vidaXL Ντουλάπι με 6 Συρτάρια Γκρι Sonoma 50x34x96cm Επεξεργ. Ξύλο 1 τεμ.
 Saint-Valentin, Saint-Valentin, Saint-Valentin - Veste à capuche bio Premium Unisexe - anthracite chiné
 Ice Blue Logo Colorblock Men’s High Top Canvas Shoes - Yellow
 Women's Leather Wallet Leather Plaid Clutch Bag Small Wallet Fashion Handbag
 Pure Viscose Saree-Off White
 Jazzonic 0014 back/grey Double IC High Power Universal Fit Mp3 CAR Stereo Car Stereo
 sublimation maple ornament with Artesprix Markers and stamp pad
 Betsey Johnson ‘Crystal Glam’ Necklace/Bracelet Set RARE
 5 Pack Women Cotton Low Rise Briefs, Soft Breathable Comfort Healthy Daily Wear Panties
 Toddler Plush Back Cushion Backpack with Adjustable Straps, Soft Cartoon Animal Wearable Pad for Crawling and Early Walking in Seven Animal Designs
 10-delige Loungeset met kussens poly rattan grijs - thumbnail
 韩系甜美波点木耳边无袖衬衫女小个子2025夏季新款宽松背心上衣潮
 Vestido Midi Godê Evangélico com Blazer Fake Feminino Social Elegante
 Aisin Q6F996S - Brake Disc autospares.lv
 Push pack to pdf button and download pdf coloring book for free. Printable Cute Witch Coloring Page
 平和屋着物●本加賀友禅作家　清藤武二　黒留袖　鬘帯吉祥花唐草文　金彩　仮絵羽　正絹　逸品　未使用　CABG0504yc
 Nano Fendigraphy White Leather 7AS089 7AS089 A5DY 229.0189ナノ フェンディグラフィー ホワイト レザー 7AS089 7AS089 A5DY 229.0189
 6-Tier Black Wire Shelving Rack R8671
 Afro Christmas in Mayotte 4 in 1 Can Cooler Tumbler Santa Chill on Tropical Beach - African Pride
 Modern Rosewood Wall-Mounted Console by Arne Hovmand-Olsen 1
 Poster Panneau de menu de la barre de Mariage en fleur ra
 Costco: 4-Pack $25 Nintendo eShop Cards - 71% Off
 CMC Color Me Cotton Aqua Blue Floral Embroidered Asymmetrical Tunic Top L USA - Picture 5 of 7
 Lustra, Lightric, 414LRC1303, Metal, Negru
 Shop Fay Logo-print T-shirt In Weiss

++++++++++++++++++++

◆ **Exercise objective**
Copy out the data exactly as it stands, leaving nothing out.

◆ **Response for this exercise**
vidaXL Ντουλάπι με 6 Συρτάρια Γκρι Sonoma 50x34x96cm Επεξεργ. Ξύλο 1 τεμ.
 Saint-Valentin, Saint-Valentin, Saint-Valentin - Veste à capuche bio Premium Unisexe - anthracite chiné
 Ice Blue Logo Colorblock Men’s High Top Canvas Shoes - Yellow
 Women's Leather Wallet Leather Plaid Clutch Bag Small Wallet Fashion Handbag
 Pure Viscose Saree-Off White
 Jazzonic 0014 back/grey Double IC High Power Universal Fit Mp3 CAR Stereo Car Stereo
 sublimation maple ornament with Artesprix Markers and stamp pad
 Betsey Johnson ‘Crystal Glam’ Necklace/Bracelet Set RARE
 5 Pack Women Cotton Low Rise Briefs, Soft Breathable Comfort Healthy Daily Wear Panties
 Toddler Plush Back Cushion Backpack with Adjustable Straps, Soft Cartoon Animal Wearable Pad for Crawling and Early Walking in Seven Animal Designs
 10-delige Loungeset met kussens poly rattan grijs - thumbnail
 韩系甜美波点木耳边无袖衬衫女小个子2025夏季新款宽松背心上衣潮
 Vestido Midi Godê Evangélico com Blazer Fake Feminino Social Elegante
 Aisin Q6F996S - Brake Disc autospares.lv
 Push pack to pdf button and download pdf coloring book for free. Printable Cute Witch Coloring Page
 平和屋着物●本加賀友禅作家　清藤武二　黒留袖　鬘帯吉祥花唐草文　金彩　仮絵羽　正絹　逸品　未使用　CABG0504yc
 Nano Fendigraphy White Leather 7AS089 7AS089 A5DY 229.0189ナノ フェンディグラフィー ホワイト レザー 7AS089 7AS089 A5DY 229.0189
 6-Tier Black Wire Shelving Rack R8671
 Afro Christmas in Mayotte 4 in 1 Can Cooler Tumbler Santa Chill on Tropical Beach - African Pride
 Modern Rosewood Wall-Mounted Console by Arne Hovmand-Olsen 1
 Poster Panneau de menu de la barre de Mariage en fleur ra
 Costco: 4-Pack $25 Nintendo eShop Cards - 71% Off
 CMC Color Me Cotton Aqua Blue Floral Embroidered Asymmetrical Tunic Top L USA - Picture 5 of 7
 Lustra, Lightric, 414LRC1303, Metal, Negru
 Shop Fay Logo-print T-shirt In Weiss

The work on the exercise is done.